* **Supplied records**:
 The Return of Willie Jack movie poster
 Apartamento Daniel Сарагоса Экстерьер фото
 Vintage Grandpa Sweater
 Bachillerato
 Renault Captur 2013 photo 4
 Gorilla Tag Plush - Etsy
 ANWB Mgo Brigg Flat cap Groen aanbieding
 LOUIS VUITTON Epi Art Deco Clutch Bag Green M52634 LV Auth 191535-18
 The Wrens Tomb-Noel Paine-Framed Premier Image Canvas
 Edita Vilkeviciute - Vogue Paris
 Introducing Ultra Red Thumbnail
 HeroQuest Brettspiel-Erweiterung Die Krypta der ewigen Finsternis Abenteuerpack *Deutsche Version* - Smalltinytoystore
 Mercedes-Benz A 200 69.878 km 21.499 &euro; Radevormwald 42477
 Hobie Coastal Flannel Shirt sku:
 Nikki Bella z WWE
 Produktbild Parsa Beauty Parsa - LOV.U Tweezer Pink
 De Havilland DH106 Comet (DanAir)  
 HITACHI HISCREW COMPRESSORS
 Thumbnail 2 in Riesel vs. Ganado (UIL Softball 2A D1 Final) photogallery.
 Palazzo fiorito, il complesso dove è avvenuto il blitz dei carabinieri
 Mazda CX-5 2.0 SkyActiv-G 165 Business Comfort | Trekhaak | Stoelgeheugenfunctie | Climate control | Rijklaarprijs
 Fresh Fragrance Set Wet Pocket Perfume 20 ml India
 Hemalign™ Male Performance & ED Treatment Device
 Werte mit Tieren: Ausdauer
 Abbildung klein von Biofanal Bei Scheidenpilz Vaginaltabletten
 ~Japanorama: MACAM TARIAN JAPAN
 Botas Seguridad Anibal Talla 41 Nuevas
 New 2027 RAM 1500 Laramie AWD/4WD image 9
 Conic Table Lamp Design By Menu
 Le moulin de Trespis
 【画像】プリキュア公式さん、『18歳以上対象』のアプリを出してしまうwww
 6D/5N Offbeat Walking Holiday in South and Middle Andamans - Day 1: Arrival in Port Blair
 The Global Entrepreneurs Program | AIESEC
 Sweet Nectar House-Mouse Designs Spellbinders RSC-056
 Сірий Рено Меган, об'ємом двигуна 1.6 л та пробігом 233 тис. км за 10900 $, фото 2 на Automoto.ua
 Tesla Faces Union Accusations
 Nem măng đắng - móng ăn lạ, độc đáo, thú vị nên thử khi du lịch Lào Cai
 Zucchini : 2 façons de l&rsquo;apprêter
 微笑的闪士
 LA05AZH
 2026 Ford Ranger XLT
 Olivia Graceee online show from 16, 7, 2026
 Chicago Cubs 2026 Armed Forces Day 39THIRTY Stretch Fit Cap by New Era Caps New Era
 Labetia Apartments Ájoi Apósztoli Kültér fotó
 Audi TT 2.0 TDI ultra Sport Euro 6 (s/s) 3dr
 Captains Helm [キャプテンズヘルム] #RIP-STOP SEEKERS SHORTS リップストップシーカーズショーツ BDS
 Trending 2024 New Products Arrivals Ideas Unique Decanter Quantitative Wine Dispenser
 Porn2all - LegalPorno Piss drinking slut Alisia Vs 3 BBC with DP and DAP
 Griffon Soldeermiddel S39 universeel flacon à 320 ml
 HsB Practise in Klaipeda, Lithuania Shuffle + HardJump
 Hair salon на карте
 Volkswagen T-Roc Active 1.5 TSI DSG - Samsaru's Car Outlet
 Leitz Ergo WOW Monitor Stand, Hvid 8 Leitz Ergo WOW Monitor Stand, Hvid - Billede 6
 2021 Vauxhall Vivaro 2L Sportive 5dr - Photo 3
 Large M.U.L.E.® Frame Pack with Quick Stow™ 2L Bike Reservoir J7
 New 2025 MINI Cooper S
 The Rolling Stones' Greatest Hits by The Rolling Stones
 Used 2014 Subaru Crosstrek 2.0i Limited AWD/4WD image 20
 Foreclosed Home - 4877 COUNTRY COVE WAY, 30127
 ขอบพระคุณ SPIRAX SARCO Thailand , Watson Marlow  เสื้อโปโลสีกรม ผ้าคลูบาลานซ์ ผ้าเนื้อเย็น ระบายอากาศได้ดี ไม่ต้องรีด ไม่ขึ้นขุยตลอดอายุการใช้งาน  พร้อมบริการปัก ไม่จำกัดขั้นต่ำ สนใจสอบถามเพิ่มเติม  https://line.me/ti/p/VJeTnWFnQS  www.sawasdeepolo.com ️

* **About this task**:
Find the string "with" in the records, then copy each line where it occurs.

* **The completed task**:
 Porn2all - LegalPorno Piss drinking slut Alisia Vs 3 BBC with DP and DAP
 Large M.U.L.E.® Frame Pack with Quick Stow™ 2L Bike Reservoir J7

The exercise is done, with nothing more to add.